- [Work to complete]:
Here, the job is to give back every entry below unchanged, omitting pictures.

Pictures with short captions
■ ■ ■
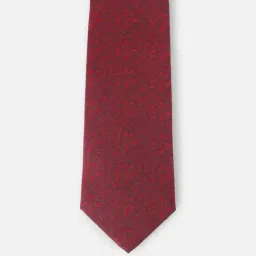 Peter England Red Embroidered Tie Pocket Square & Cufflink Gift Set image 3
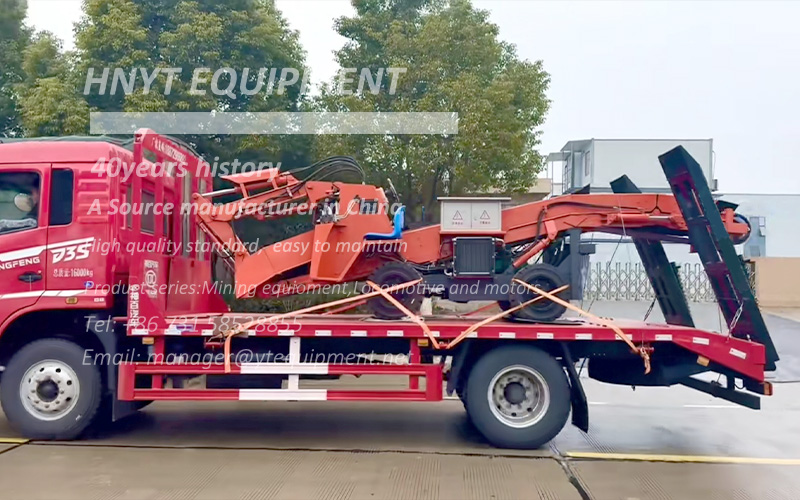 Shipment of ZWY50 underground mining rock loader 1.jpg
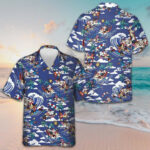 Merry Christmas Tropical Pattern Hawaiian Shirt Beach Button Up Shirts For Men – Moonbestprint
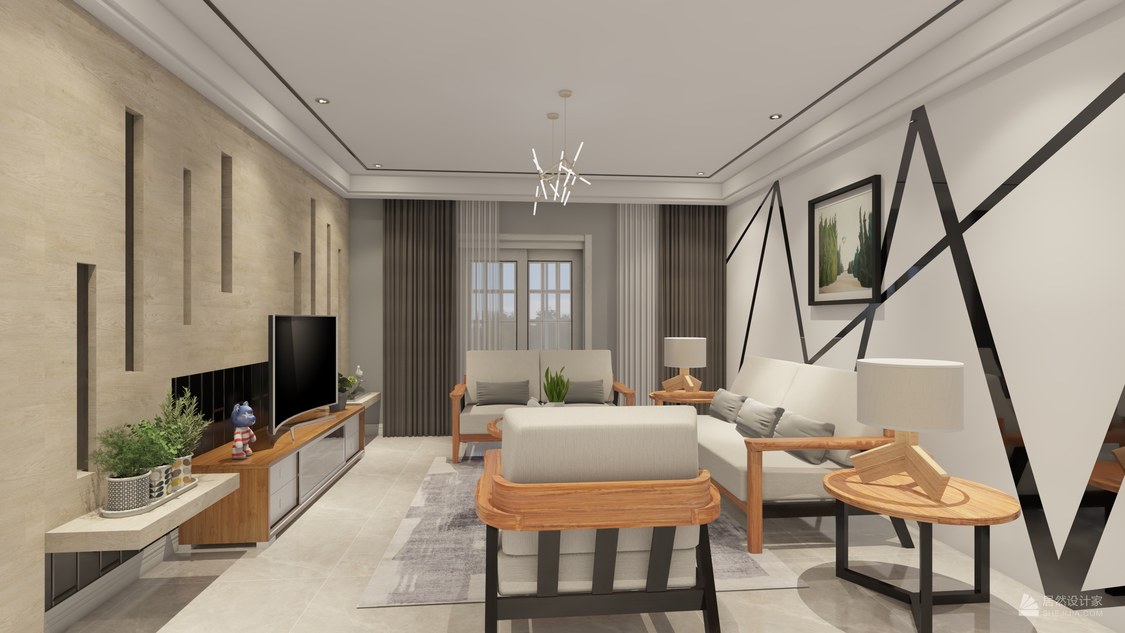 北京市朝阳区嘉铭桐城145平米混搭四居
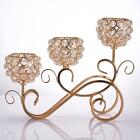 Crystal Candle Holders, 3 Candelabra, Sparkling Elegant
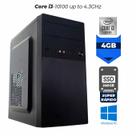 Computador Elo Intel Core i3-10100 Up to 4,3Ghz Cache 6MB Memória 4GB Ram Hd SSD 240GB Windows 10 e pacote de Programas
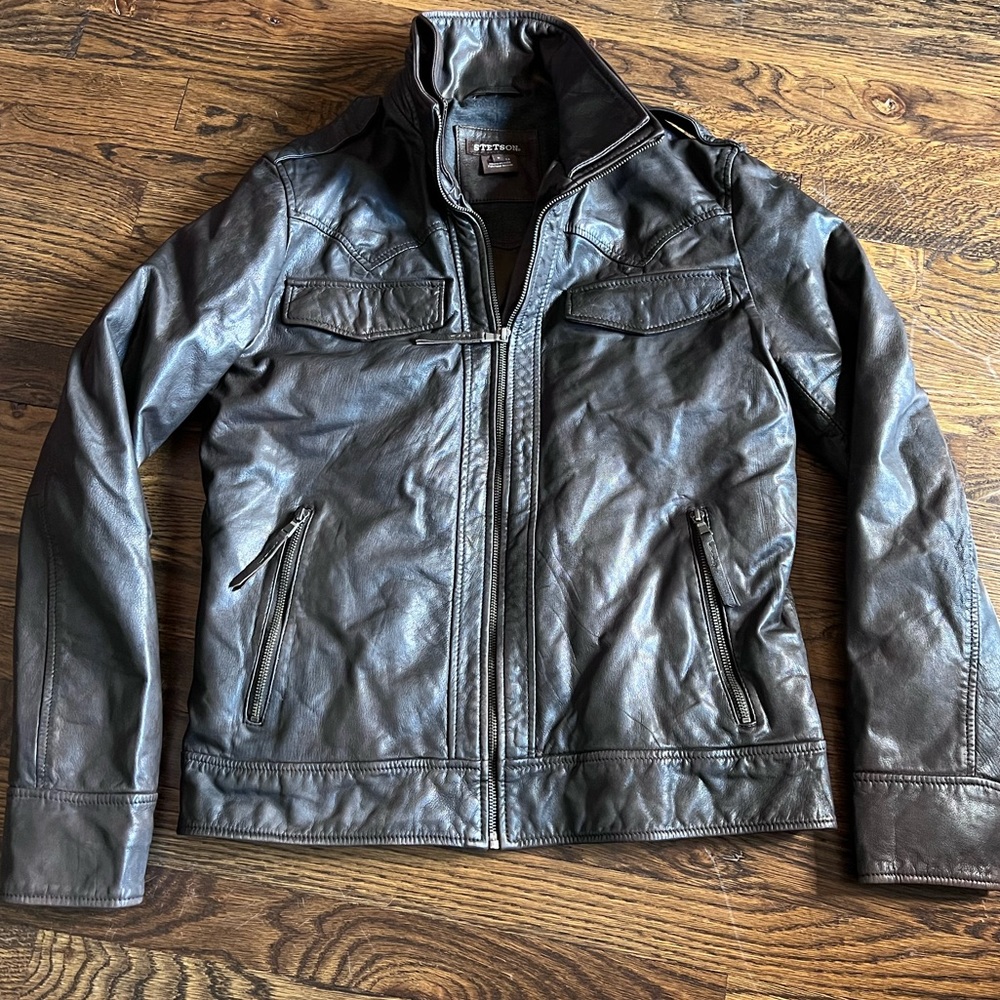 Stetson Dark Leather Field Jacket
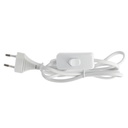 Câble connexion plat avec interrupteur (2x0,75 mm) 1,5 M Blanc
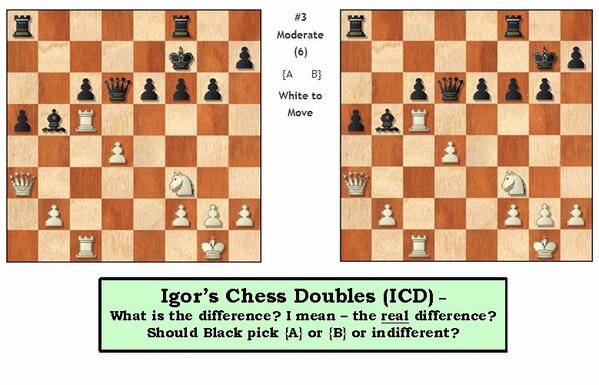 Check you chess eyesight! What is the difference?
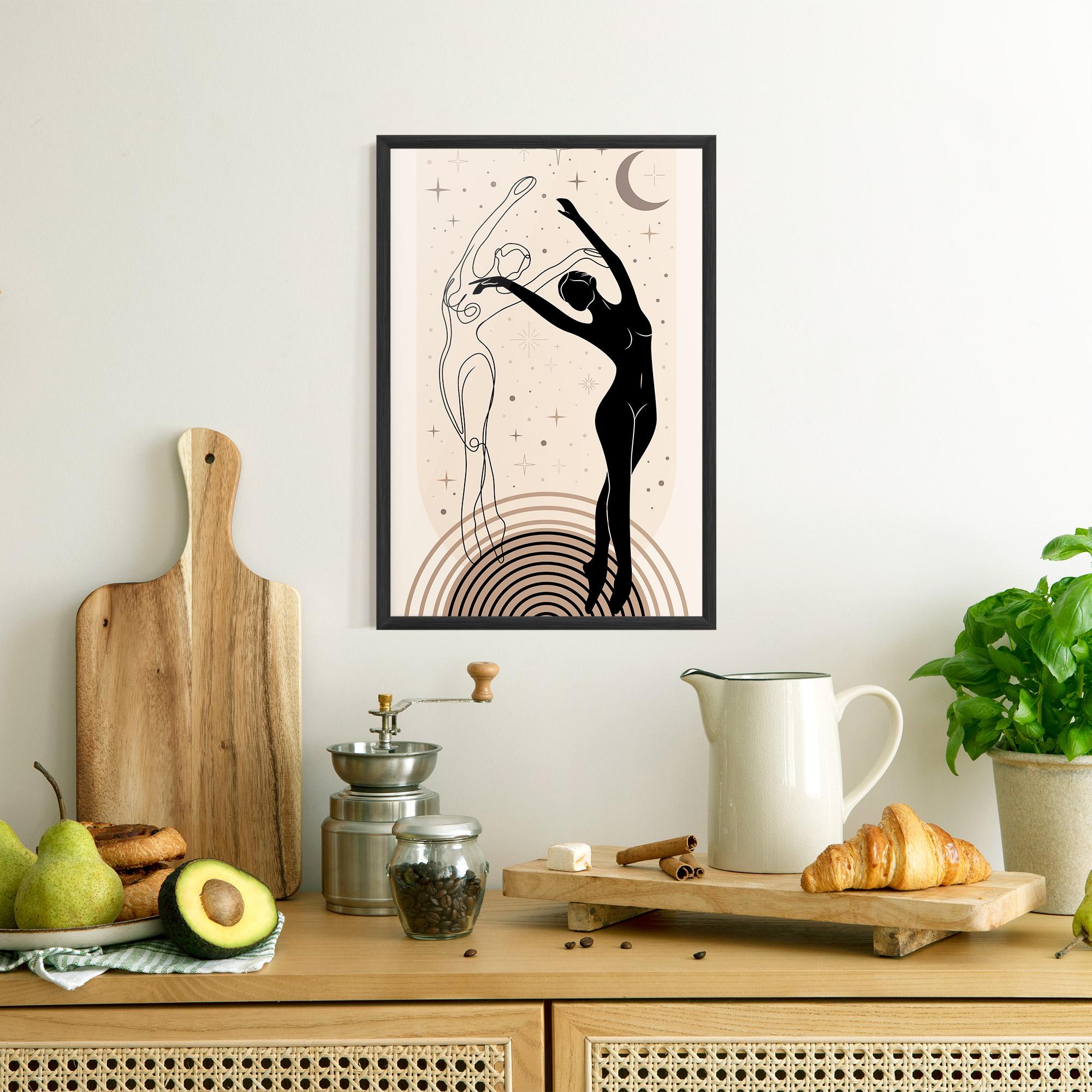 Gerahmte Poster Balance Yoga mockup 8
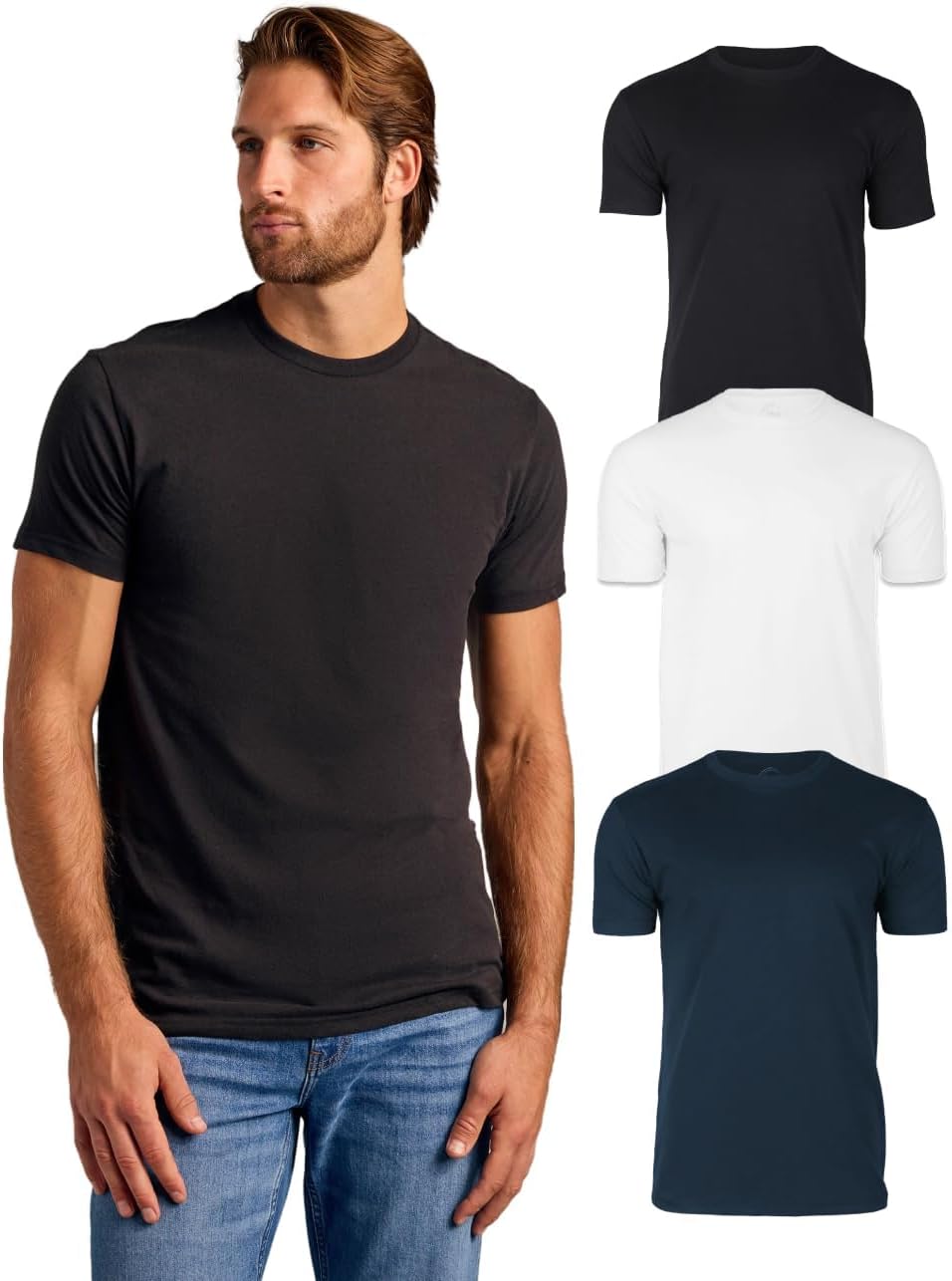 True Classic Mens T-Shirts – Short Sleeve Crew Neck T Shirts for Man, Cotton Blend Plain Novelty Men's T-Shirts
■ ■ ■
- [Response for this exercise]:
 Peter England Red Embroidered Tie Pocket Square & Cufflink Gift Set image 3
 Shipment of ZWY50 underground mining rock loader 1.jpg
 Merry Christmas Tropical Pattern Hawaiian Shirt Beach Button Up Shirts For Men – Moonbestprint
 北京市朝阳区嘉铭桐城145平米混搭四居
 Crystal Candle Holders, 3 Candelabra, Sparkling Elegant
 Computador Elo Intel Core i3-10100 Up to 4,3Ghz Cache 6MB Memória 4GB Ram Hd SSD 240GB Windows 10 e pacote de Programas
 Stetson Dark Leather Field Jacket
 Câble connexion plat avec interrupteur (2x0,75 mm) 1,5 M Blanc
 Check you chess eyesight! What is the difference?
 Gerahmte Poster Balance Yoga mockup 8
 True Classic Mens T-Shirts – Short Sleeve Crew Neck T Shirts for Man, Cotton Blend Plain Novelty Men's T-Shirts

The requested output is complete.